BPD leaves you feeling hyper-exposed, vulnerable and shame sensitive… they’re good at amplifying your feelings around lack of social belonging.. and everything is subjective to levels of confusion, you can’t pin them down on any point, they’re like blobs that envelop you. Both them and you get lost in that fog, but they leave happier because they offload their shame onto others.
oh.. and I also relistened Vaknin’s twin flame video while hiking:
how does the twin flame gain so much power over you?
they all possess cold empathy, the ability to scan you and to immediately spot your vulnerabilities
he then proceeds to idealize you, he evokes and provokes and elicits self-infatuation
you would enter actually a carnival hall of mirrors and who do you see in these mirrors, you a thousand you it’s addictive
The positive side of verbal evisceration, language skills to evoke vulnerability, and positions are always shifting like hall of mirrors.
he’s the only one who can amplify you, magnify you, enhance you, improve you.

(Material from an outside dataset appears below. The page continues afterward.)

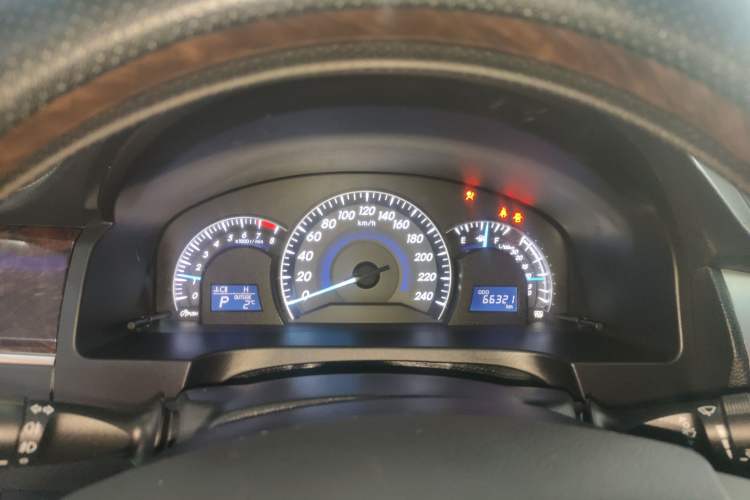 Used Toyota Camry 2016 2.0G 10th Anniversary Leading Edition Instrument Cluster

this is the only one with the key to the kingdom of heaven and so you enter willingly into the hall of mirrors
and once you had taken the first step you’re caught in a shared fantasy
CRBLEE (Consistent Realistic Balance Loving Emotional Engagement) = shared fantasy heaven
he actually acts as a benign and benevolent parent, the parent you never had it’s a fake parental figure
it’s idealized, it’s perfect, it never rejects you, it never pushes you away, it’s always there
too much even there’s an element of stalking
and the twin flame reaches into you, reaches inside you and co-opts this internal parent
the second thing the twin flame does
he becomes your false self, yes you’re idealized, you are now drop dead gorgeous, hyper intelligent,
amazing unprecedented, the love of his life
you made him do thing,s you made him feel things he’s never felt before, et cetera
and this constant brainwashing and propaganda
they actually create in you a false self a locus of grandiosity
and so you introject the twin flame both as a parental figure and as a false self
so now the twin flame regresses you, pushes you back to early childhood to the period before
you’re separated and individuated
he pushes you to an infantile state of total dependence, you find yourself a baby
you become in a way merged with him, fused with him, you’re not separate from him,
you’re no longer an individual
ok… could go further… but this area has been invaded by a couple different groups… I’ll have to decide whether to transfer to new location.. or head home to beat rush hour traffic.. or just hang out until after?